[WHAT YOU SHOULD DO]:
Here is the task for the listing below: output exactly the lines from the one containing "Union 1:64 - Poster" through the one containing "Geanta/organizator pentru cosmetice", and leave out the pictures.

[PROVIDED MATERIAL]:
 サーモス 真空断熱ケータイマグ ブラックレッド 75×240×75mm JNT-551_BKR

==

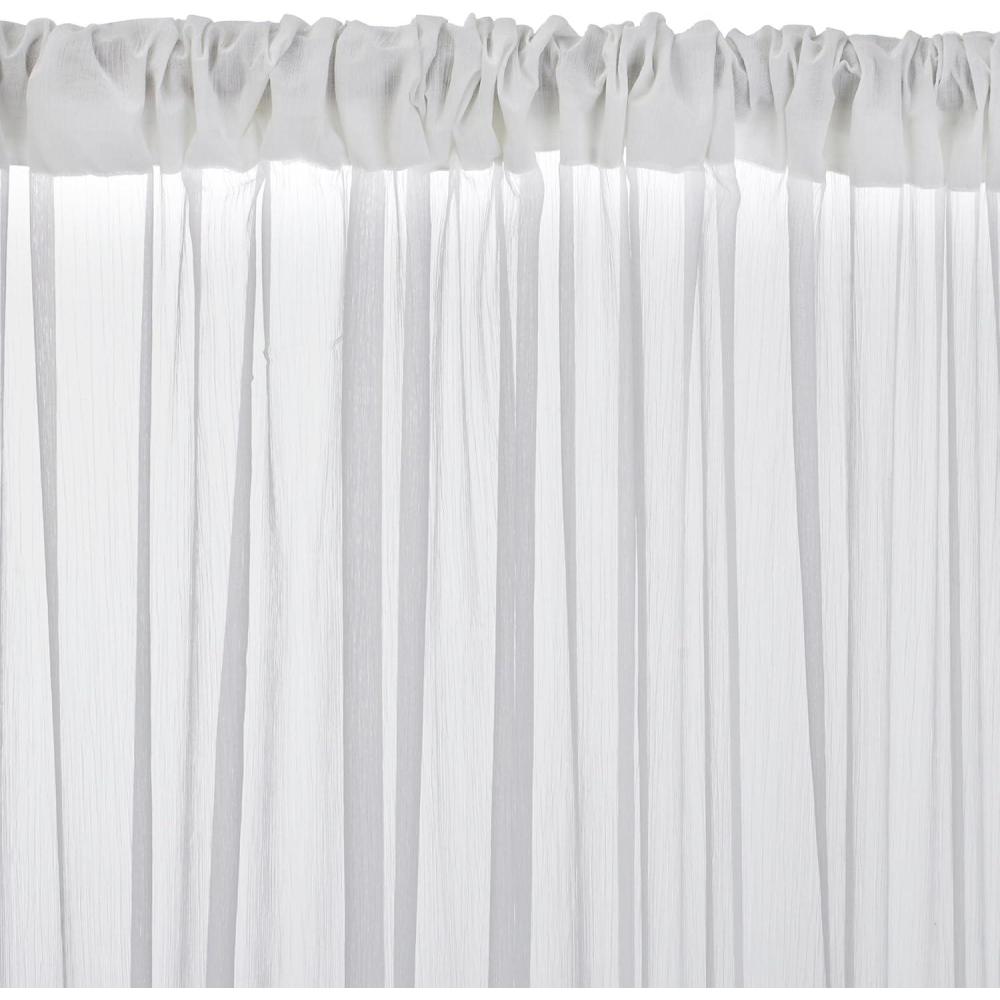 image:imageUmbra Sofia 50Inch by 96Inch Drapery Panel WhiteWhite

...

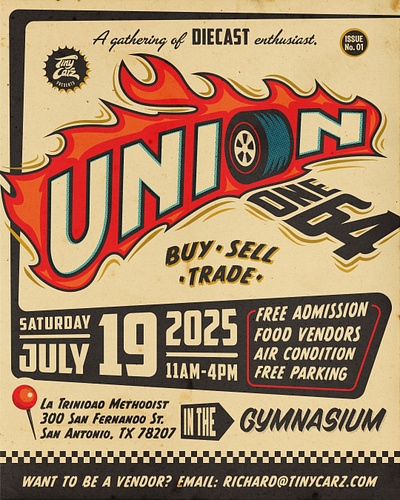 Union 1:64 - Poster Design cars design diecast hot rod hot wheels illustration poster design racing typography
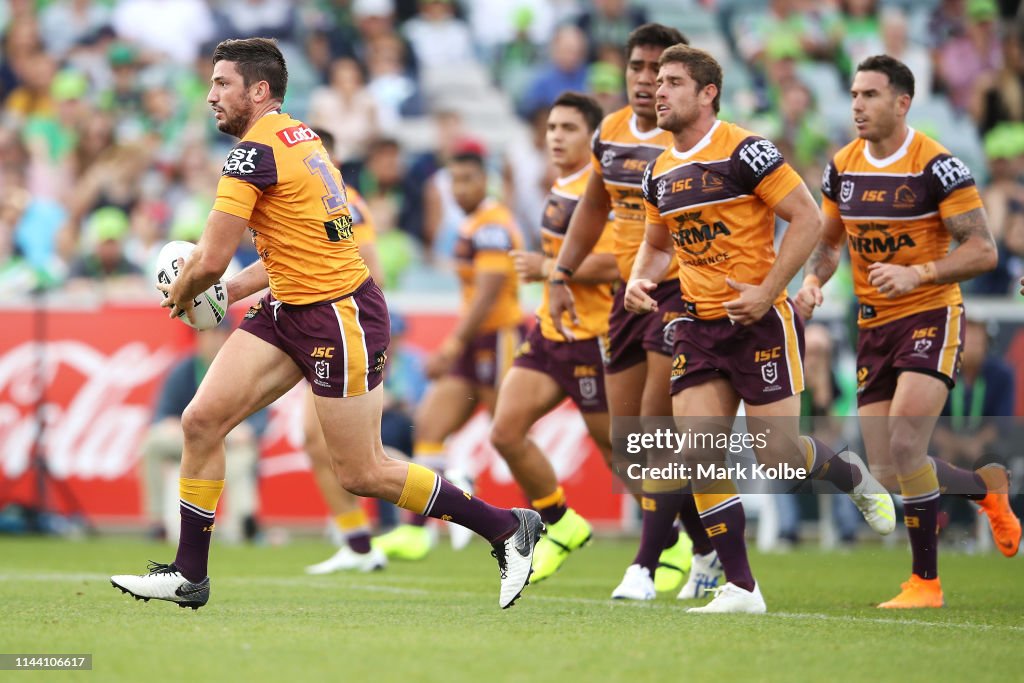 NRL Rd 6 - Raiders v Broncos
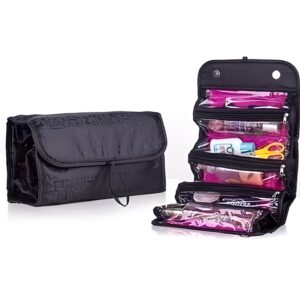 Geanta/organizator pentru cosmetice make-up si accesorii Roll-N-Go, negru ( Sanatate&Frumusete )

[ANSWER BOX]:
 Union 1:64 - Poster Design cars design diecast hot rod hot wheels illustration poster design racing typography
 NRL Rd 6 - Raiders v Broncos
 Geanta/organizator pentru cosmetice make-up si accesorii Roll-N-Go, negru ( Sanatate&Frumusete )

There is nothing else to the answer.